If infection is documented by cultures, the empirical regimen may require adjustment to provide appropriate coverage for the specific isolate(s). When the patient remains afebrile, the initial regimen should be continued for a minimum of 7 days. Therapy may need to be continued for at least 21–28 days or until the risk of infection has declined because of recovery of the immune system. A mass casualty situation may mandate the use of oral antimicrobials.



Modifications of this initial antibiotic regimen should be made when microbiological culture shows specific bacteria that are resistant to the initial antimicrobials.
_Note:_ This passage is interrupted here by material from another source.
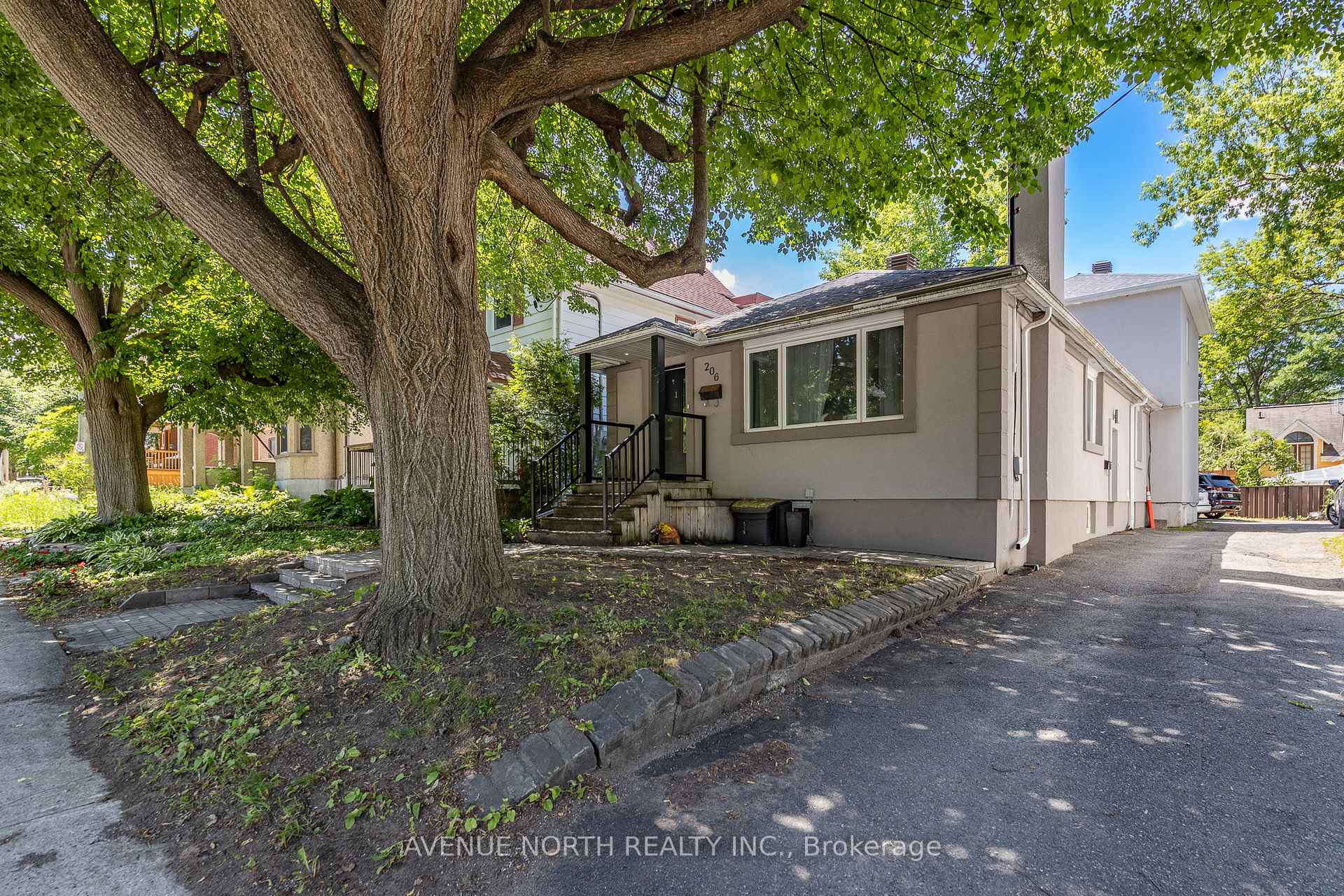 Photo of 206 Blackburn Avenue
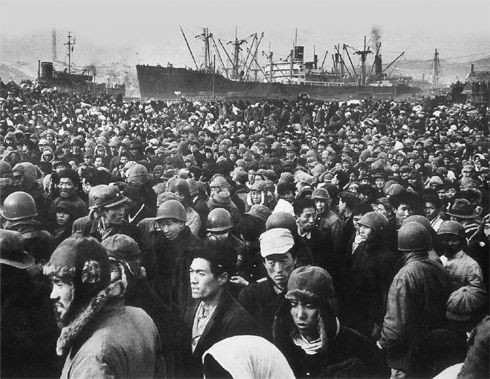 ▲ 피난민으로 가득한 흥남부두. 저멀리 메리디스 빅토리 호가 보인다.ⓒ뉴데일리DB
The modification, if needed, should be influenced by a thorough evaluation of the history, physical examination findings, laboratory data, chest radiograph, and epidemiological information. Antifungal coverage with amphotericin B may need to be added, if indicated, for those who remain persistently febrile for 7 days or more on antimicrobial therapy in association with clinical evidence of infection or if they have new fever on or after day 7 of antimicrobial therapy. If resistant Gram-positive infection is evident, vancomycin should be added. If diarrhea is present, cultures of stool should be examined for enteropathogens (i.e., Salmonella, Shigella,  Campylobacter, and Yersinia). Oral and pharyngeal mucositis and esophagitis suggest Herpes simplex infection or candidiasis. Either empirical antiviral or antifungal therapy or both should be considered.